8. How to Start: Start Small and Scale Fast

How should you begin with these simulations?

  1. Select One KPI: First, choose one key performance indicator (KPI) that you think you understand well and create a 'digital twin' for it. This could be customer acquisition cost or churn rate. You can start by having an LLM model it with a simple prompt, or by building a custom system.
  2. Understand and Manage Data: You need to precisely understand the data used for simulation and set up data refresh methods and feedback loops.
  3. Robust Tool Stack: Having a reliable and robust tool stack is important.
    • Large enterprises: Can build enterprise stacks including data lakes, lakehouses, feature stores, simulation engines, dashboards, etc.
    • Individuals: It doesn't have to be complicated.

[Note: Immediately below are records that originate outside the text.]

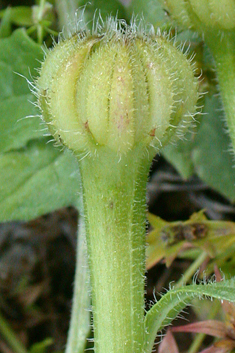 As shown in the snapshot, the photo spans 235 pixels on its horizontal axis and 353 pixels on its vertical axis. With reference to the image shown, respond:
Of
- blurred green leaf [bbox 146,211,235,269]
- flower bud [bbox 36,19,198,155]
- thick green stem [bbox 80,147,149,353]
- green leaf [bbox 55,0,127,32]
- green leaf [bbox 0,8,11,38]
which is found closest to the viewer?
flower bud [bbox 36,19,198,155]

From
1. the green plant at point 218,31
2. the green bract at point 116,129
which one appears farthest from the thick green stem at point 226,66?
the green bract at point 116,129

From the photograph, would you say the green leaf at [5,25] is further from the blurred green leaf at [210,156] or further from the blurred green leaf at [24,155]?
the blurred green leaf at [210,156]

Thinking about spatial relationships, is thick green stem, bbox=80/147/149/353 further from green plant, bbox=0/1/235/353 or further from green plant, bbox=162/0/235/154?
green plant, bbox=162/0/235/154

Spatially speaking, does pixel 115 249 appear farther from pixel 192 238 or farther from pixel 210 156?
pixel 210 156

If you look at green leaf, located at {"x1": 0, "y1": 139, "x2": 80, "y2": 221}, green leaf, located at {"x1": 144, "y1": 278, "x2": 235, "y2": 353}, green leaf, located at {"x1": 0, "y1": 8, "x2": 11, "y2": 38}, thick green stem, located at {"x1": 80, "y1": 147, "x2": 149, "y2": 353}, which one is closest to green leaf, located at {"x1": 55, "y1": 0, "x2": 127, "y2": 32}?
green leaf, located at {"x1": 0, "y1": 8, "x2": 11, "y2": 38}

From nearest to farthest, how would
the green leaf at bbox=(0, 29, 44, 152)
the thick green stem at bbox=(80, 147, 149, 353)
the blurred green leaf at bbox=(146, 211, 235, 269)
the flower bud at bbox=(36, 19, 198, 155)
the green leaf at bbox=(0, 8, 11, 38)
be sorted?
1. the flower bud at bbox=(36, 19, 198, 155)
2. the thick green stem at bbox=(80, 147, 149, 353)
3. the blurred green leaf at bbox=(146, 211, 235, 269)
4. the green leaf at bbox=(0, 29, 44, 152)
5. the green leaf at bbox=(0, 8, 11, 38)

For example, if you're doing a breakup simulation with ChatGPT, the key elements are quality data about the relationship, information updated after dates (refresh), and feedback on simulation results.

Through personal examples like these, it concretely shows how simulation can be applied to real life, emphasizing that sufficient information provision and prior knowledge updates based on real-world changes are essential for useful simulations.


9. Conclusion: AI Agents That Build the Future

The speaker poses an important final question:

"If we have the ability to predict clearer futures and yet don't use it, doesn't our moral responsibility for future timelines become even greater?"

Since we now have the computing power to think of AI agents as 'worldbuilders,' we have a responsibility to think more deeply.

While everyone else sees AI agents as executors, if you think of AI agents as a way to model future reality and make better decisions, you are playing an entirely different game -- and you will be the first mover in that game.

So it's time to stop or reduce simply asking "How can AI do this task?" and instead ask "How can AI show me various futures and improve my decision-making ability?" Where is the digital twin that will prevent your next big mistake? This is precisely the question we should be asking ourselves.